Here's a blink of all 4 processed to remove light pollution/sky glow and bring out the stars:
meteors at 12:11 AM, 1:08 AM, 2:55 AM, and 3:50 AM PDT. 
clouds rolled in at 4 AM, peak viewing time :(
a mosaic combining the images of each:
4 perseids and an airplane
can you find cassiopeia, perseus? 
pleiades? andromeda galaxy?

here's a cropped version with the pertinent constellations outlined:
note that, allowing for fisheye lens distortion, they all point to Perseus.   

and yes that faint white band in the middle of the image is the milky way:  
180 x 20 second frames aligned on our galaxy
cleaner crop:

another cool thing you can do with a fisheye lens is wide field star trails: shooting pictures of the sky all night long on a tripod will demonstrate the rotation of the stars across the sky, centered around the northern celestial pole.  though my camera chip isn't big enough to capture the entire sky in one image, the diagonal will reach all the way from polaris in the north to mars skimming the southern horizon:
note polaris (lower left) rotating slightly around the north celestial pole and a bright perseid to it's right. 
the thick bright trail (top right) is mars on the southern horizon.
the gaps result from pauses writing to disk and removal of frames with airplanes :(

a version with the air traffic upstaging the perseids
(slight shift in the camera position):
The bright trail just inside mars (upper right) is saturn
here's a mesmerizing video showing the progress of the star trails:

selfie/warm-up from the night before:
star trails 8/12/2018
can you see my T-shirt and blurred head moving thru a long exposure?
dark shirt next time

clouded out at the end, so i guess this is true meteorology:

apparently aristotle considered anything falling from the sky: rain, snow, sleet, hail, rocks, fireballs, hellfire...a meteor, hence the confusion.

image details:
stock fisheye lens with home made cardboard dew shield and kendrick dew heater
Gain=100 (16%)
20 second exposures continuously from
9 PM 8/12/18 to 4 AM 8/13/18 AM PDT (until clouded out)
Southern California

processing the mosaic and milky way image was challenging due to the distortions at the edge of the fisheye lens and significant light pollution gradients.
maxim was not up to the task, so i resorted to registar which did an amazing job aligning/warping images for the combined shots.

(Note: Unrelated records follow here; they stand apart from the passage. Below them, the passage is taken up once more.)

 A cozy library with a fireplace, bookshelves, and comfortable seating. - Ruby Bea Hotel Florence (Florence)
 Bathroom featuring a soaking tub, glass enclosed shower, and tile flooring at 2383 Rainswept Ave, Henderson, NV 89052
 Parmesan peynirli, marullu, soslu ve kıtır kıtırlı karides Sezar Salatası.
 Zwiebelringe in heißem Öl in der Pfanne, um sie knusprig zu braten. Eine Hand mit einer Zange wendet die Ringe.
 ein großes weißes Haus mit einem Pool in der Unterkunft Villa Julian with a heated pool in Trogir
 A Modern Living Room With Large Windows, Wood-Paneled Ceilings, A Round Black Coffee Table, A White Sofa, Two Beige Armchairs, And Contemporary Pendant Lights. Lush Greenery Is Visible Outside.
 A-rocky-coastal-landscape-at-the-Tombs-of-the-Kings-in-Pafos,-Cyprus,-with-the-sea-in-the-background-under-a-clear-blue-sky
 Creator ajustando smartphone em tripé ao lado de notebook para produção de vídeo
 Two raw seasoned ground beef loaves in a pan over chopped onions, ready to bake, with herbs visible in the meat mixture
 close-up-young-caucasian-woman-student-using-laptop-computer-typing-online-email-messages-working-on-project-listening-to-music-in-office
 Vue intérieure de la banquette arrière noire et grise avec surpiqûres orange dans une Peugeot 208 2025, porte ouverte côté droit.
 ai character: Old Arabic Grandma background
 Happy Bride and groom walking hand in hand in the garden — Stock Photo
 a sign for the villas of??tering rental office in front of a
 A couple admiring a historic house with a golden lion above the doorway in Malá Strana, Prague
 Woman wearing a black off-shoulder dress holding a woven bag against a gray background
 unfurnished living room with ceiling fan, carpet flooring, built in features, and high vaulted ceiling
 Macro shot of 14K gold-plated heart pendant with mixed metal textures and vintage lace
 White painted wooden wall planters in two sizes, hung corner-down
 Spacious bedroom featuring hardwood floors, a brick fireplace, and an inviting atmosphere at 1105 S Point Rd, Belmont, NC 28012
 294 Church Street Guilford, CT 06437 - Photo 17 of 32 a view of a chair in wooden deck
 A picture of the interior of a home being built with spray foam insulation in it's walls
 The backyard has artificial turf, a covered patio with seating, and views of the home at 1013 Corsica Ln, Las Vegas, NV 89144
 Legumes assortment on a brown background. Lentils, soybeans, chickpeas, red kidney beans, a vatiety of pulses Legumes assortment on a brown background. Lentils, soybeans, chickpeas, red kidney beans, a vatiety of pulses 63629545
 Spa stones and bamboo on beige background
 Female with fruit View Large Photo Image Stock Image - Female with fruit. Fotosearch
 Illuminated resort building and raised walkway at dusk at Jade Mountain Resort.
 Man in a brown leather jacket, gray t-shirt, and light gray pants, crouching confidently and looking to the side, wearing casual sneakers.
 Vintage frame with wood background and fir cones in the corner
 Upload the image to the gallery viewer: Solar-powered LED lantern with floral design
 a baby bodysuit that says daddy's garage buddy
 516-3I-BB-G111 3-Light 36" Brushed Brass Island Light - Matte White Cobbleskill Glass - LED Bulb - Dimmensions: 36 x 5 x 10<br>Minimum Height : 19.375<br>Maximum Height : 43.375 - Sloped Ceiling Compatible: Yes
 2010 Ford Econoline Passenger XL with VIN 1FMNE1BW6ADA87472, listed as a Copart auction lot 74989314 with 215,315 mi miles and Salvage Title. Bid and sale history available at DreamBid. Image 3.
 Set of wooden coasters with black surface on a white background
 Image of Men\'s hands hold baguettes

i had no flats, so used the hubble trick, creating flat via a median combine of 1000 different light frames giving a smooth background without stars to correct the uneven illumination of the fisheye:
median combine of all images
still limited by heavy gradients liberal use of photoshop including gradient xterminator was required.

Thursday, August 9, 2018

martian mountains

recent mars images:
Mars 8/7/2018 07:45 UTC RGB
CM = 84.9
CL = -10.0
Infrared as luminance:
Mars 8/7/2018 07:45 UTC IR-RGB
with more heavy handed processing in my latest image Olympus Mons, one of the tallest mountain in the solar system, can be seen thru the dust.  
Olympus Mons
Mars 8/7/2018 07:45 UTC RGB

Though less distinct, three mountains of the Tharsis range can also be seen:
Tharsis Montes
Mars 8/7/2018 07:45 UTC RGB
Mount Olympus can also be seen in this image a few days earlier, though less clearly.  
Mars/Olympus Mons 8/4/2018 08:45 UTC IR-RGB
CM = 126.2
CL = -10.2

Mars 8/4/2018 08:14-08:50 UTC IR
Imaging details:
reviewed prior images while there seems to be a slight increase in contrast, my processing has become more heavy handing, yielding more details; it's still pretty much a featureless orange disk with a polar cap visually.
8/4/2018 08:45 UTC
CM = 126.2
CL = -10.2
8/7/2018 07:45 UTC
CM = 84.9
CL = -10.0
celestron 11" Edge HD
televue 2x barlow
ZWO RGB filters, Baader IR pass "685" nm
8/4 4x120 seconds
8/7 2x120 second captures each filter 8/7
200 FPS, gain 351, exposure ~1 ms (3 ms blue), 30% histogram
firecapture, autostakkert, winjupos, maxim, photoshop
elevation 30 degrees
Southern California

Tuesday, July 31, 2018

Mars closest approach 7/31/2018

Here's mars at closest approach for the 2018 opposition:
Mars 7/31/18 8:21 UTC
Visually it looked like a bright orange disk with poles visible.  seeing was not great, but Cassini was easily resolved on Saturn, so assuming the lack of contrast/detail is the dust storm.  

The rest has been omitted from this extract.